**MATERIAL FOR THIS EXERCISE**
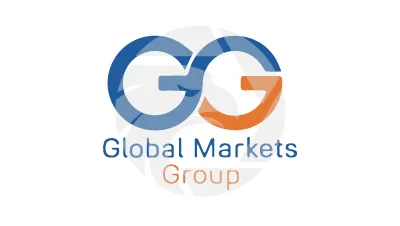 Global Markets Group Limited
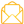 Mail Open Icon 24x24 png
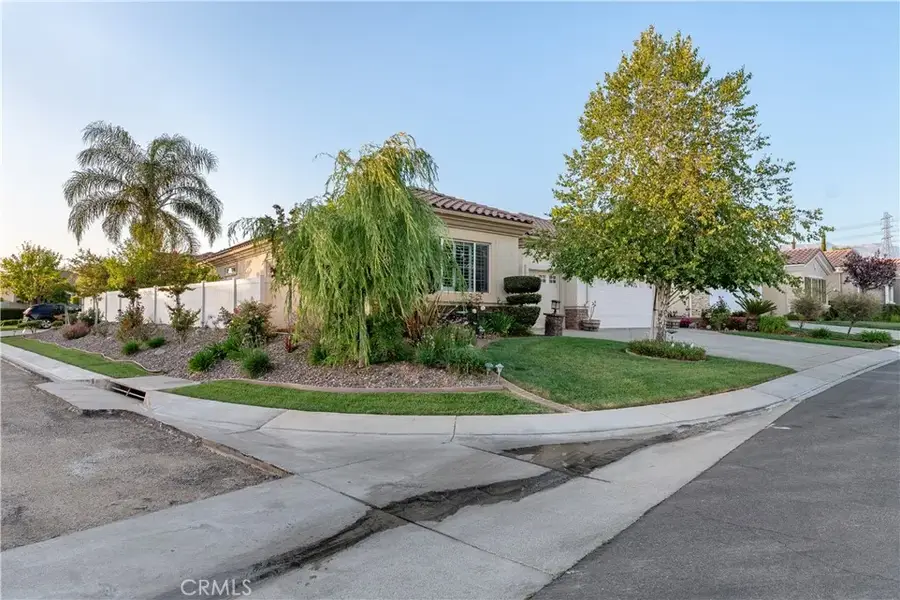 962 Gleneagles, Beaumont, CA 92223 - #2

==

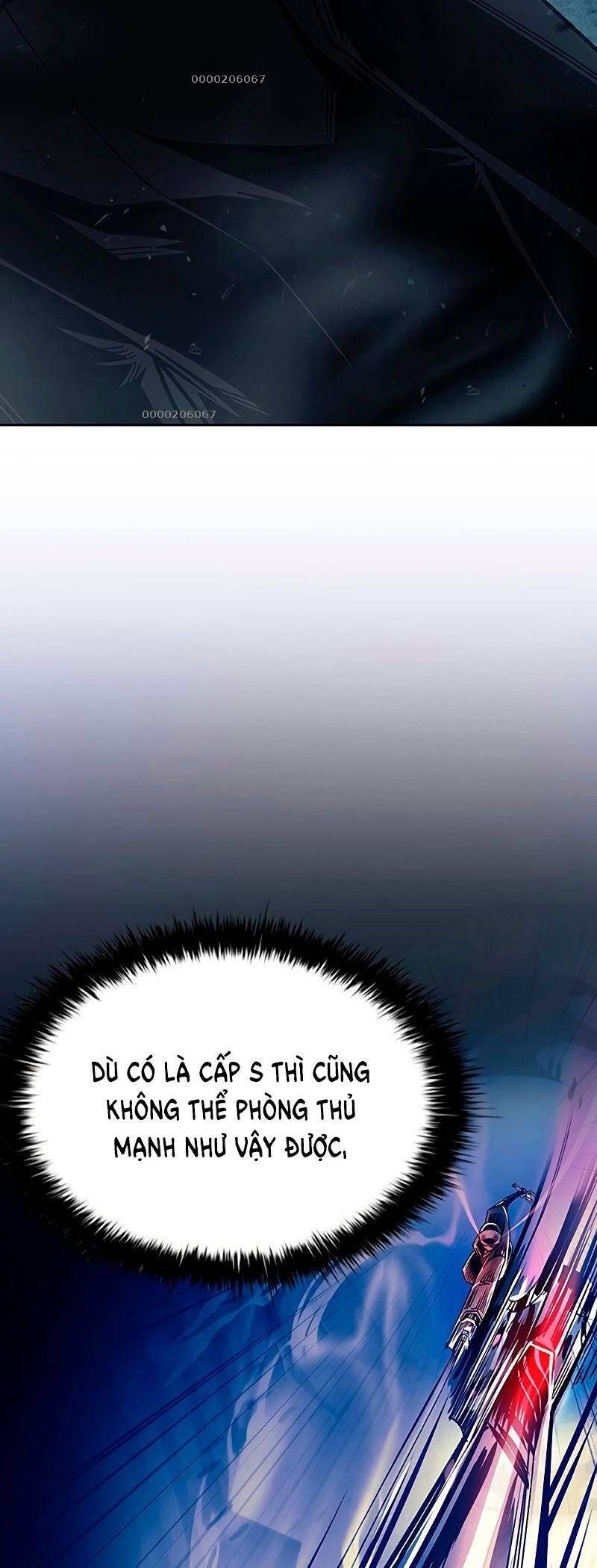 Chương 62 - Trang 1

* * *

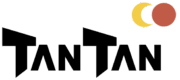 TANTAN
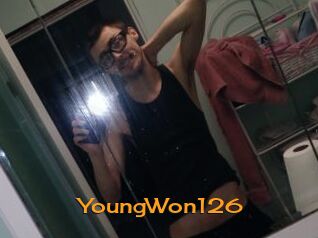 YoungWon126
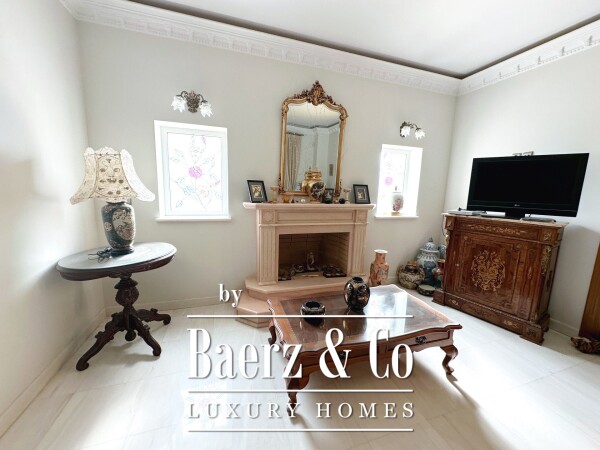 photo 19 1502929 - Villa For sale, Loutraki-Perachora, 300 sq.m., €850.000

**WHAT IS EXPECTED**
In the entries above, find the line with "Global Markets Group Limited" and the line with "962 Gleneagles, Beaumont, CA 92223 - #2". Return exactly those lines and all the ones between them, pictures excluded.

**REPLY**
 Global Markets Group Limited
 Mail Open Icon 24x24 png
 962 Gleneagles, Beaumont, CA 92223 - #2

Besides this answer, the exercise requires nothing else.